(SUPPLIED INFORMATION):

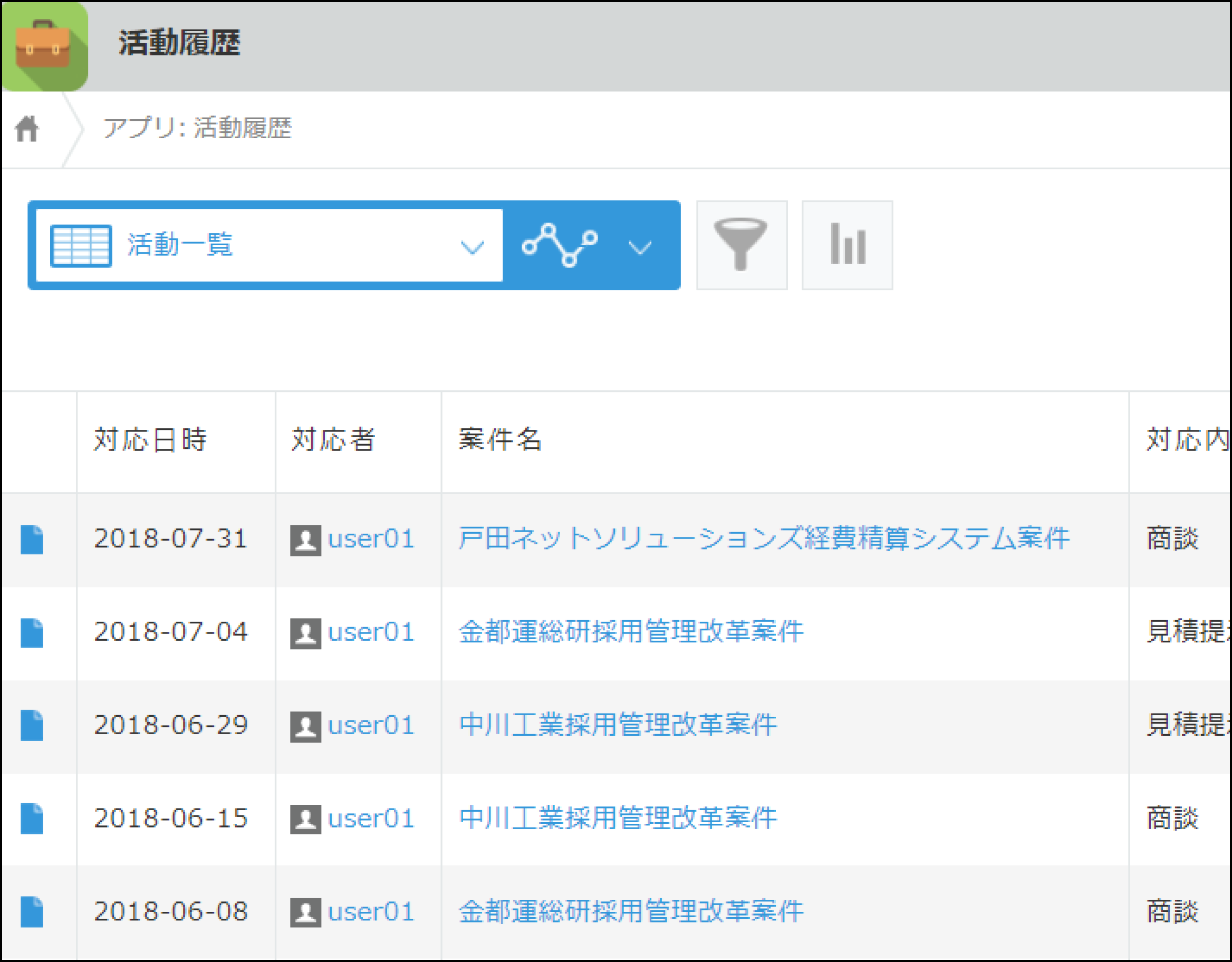 該当のアプリの一覧ページ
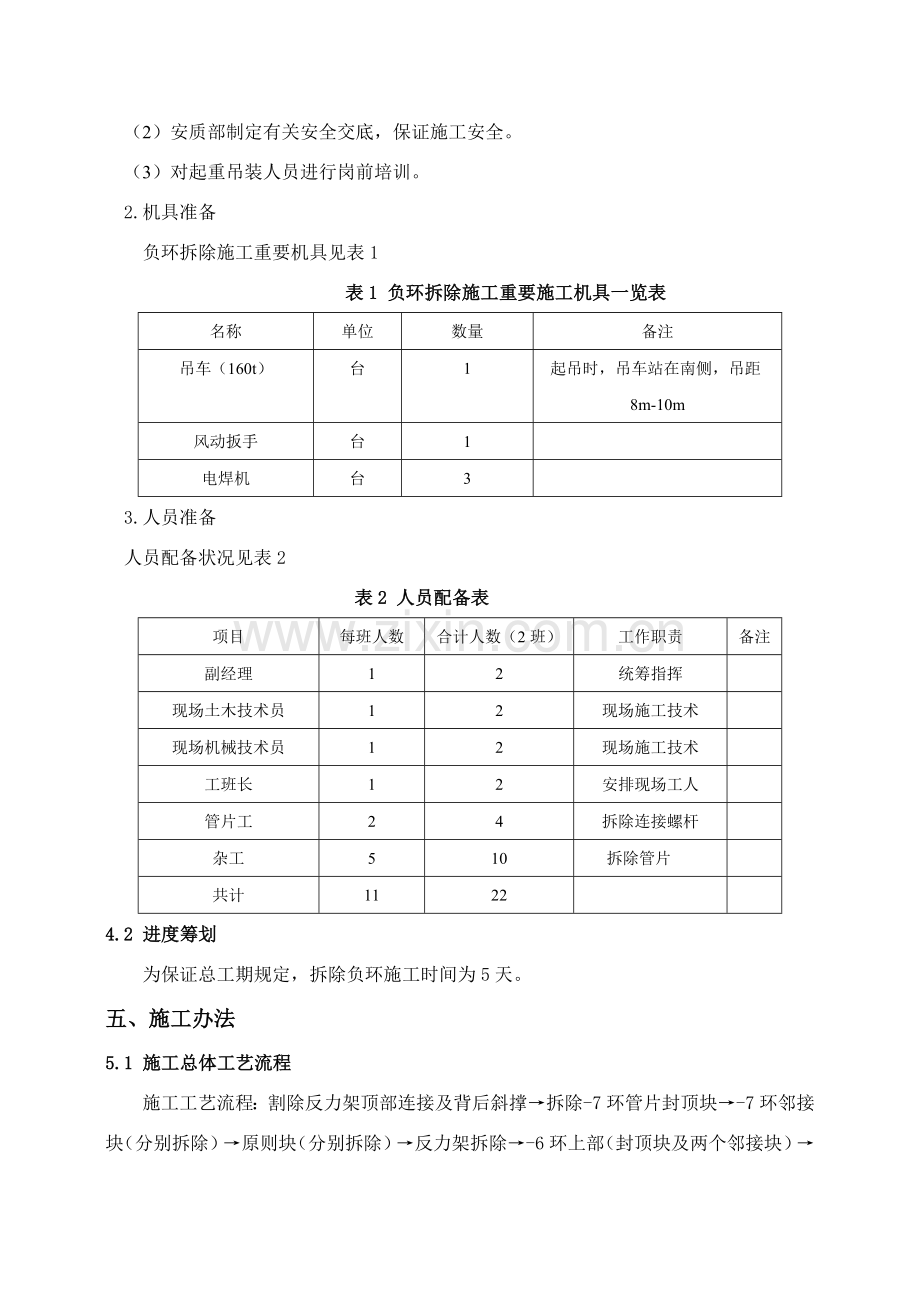 负环拆除综合项目施工专项方案.doc_第3页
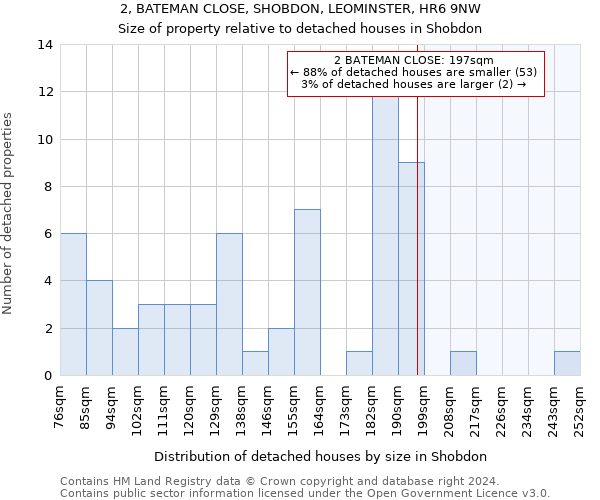 2, BATEMAN CLOSE, SHOBDON, LEOMINSTER, HR6 9NW: Size of property relative to detached houses in Shobdon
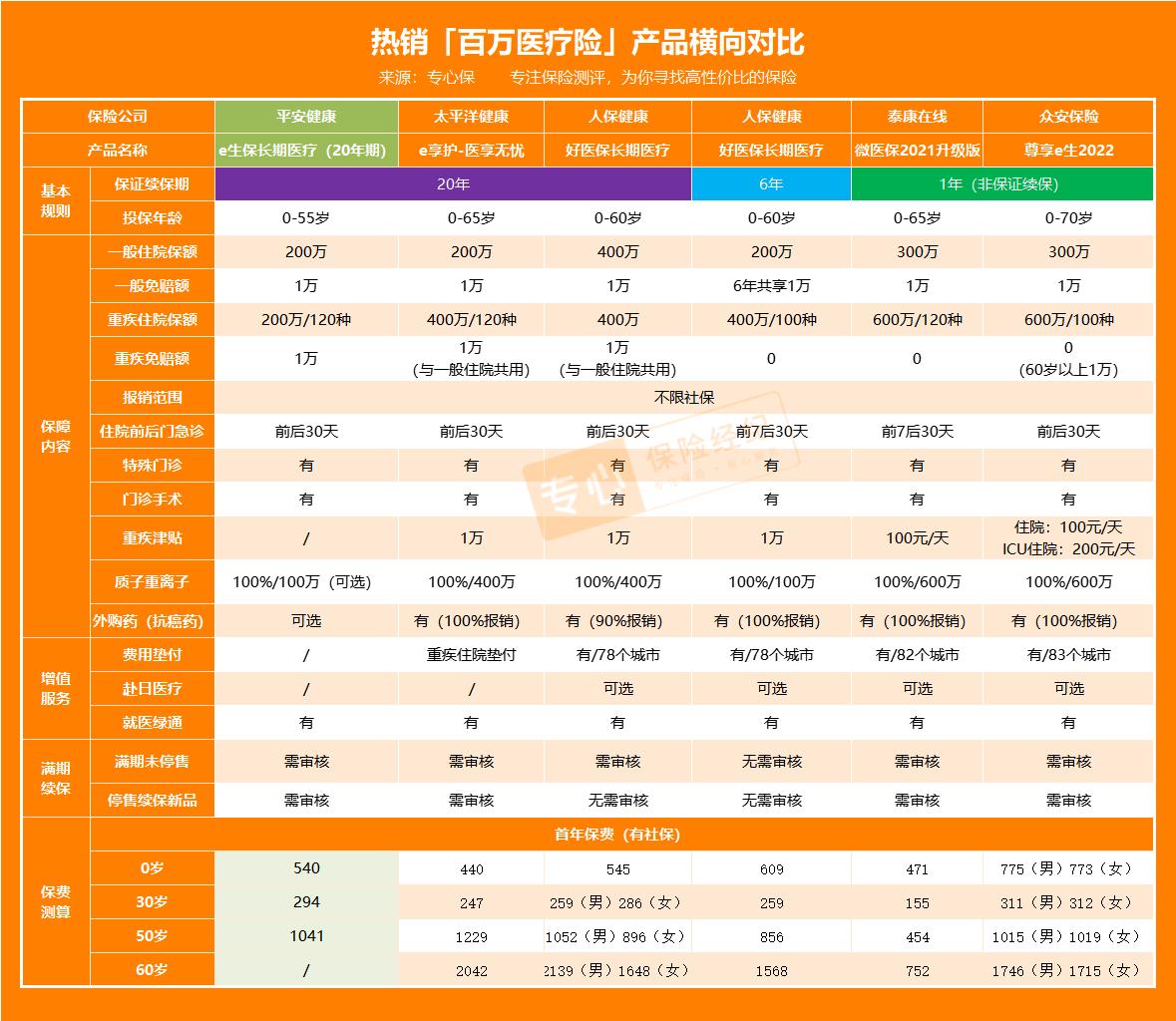 平安e生保长期医疗险如何投保,平安e生保2020版续交能改2022版吗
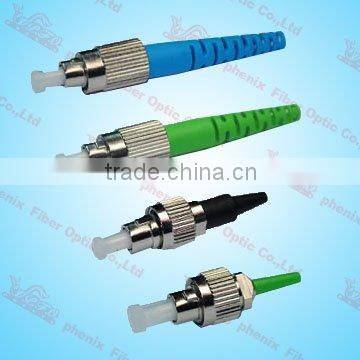 FC Fiber optic connector
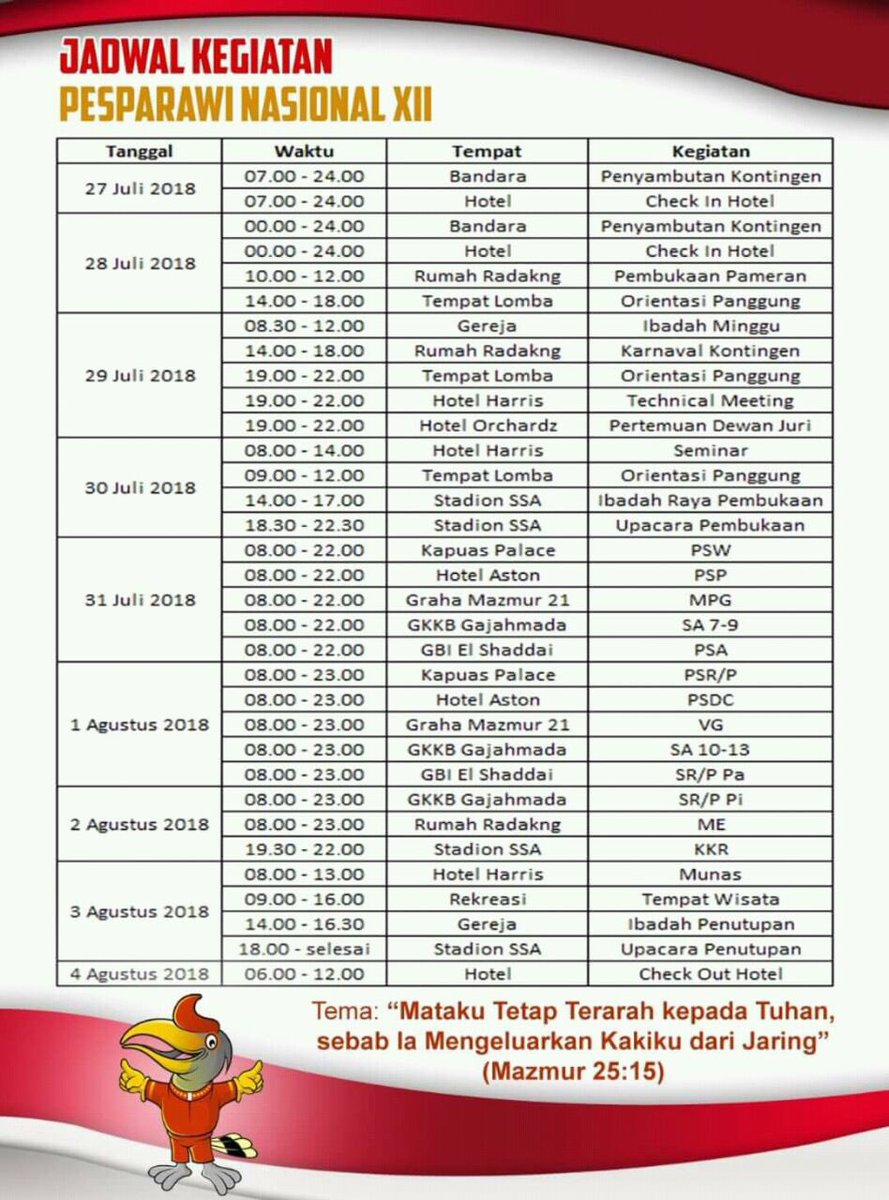 "Jadwal &amp; Acara Kegiatan Pesta Paduan Suara Gerejawi (Pesparawi) Nasional ke XII di Pontianak, Kalbar, 29 Juli - 3 Agustus 2018"

#pesparawinasional2018 
#pesparawi 
#pesparawinasional12
#pesparawipontianak2018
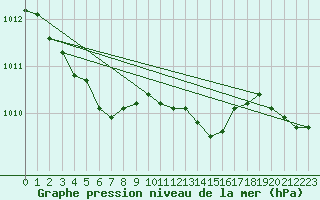 Courbe de la pression atmosphrique pour Mace Head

(REQUIRED WORK):
With the pictures left out, output exactly the lines from the one with "#pesparawinasional2018" through the end of the listing above, both ends included.

(FINISHED TASK):
#pesparawinasional2018 
#pesparawi 
#pesparawinasional12
#pesparawipontianak2018
 Courbe de la pression atmosphrique pour Mace Head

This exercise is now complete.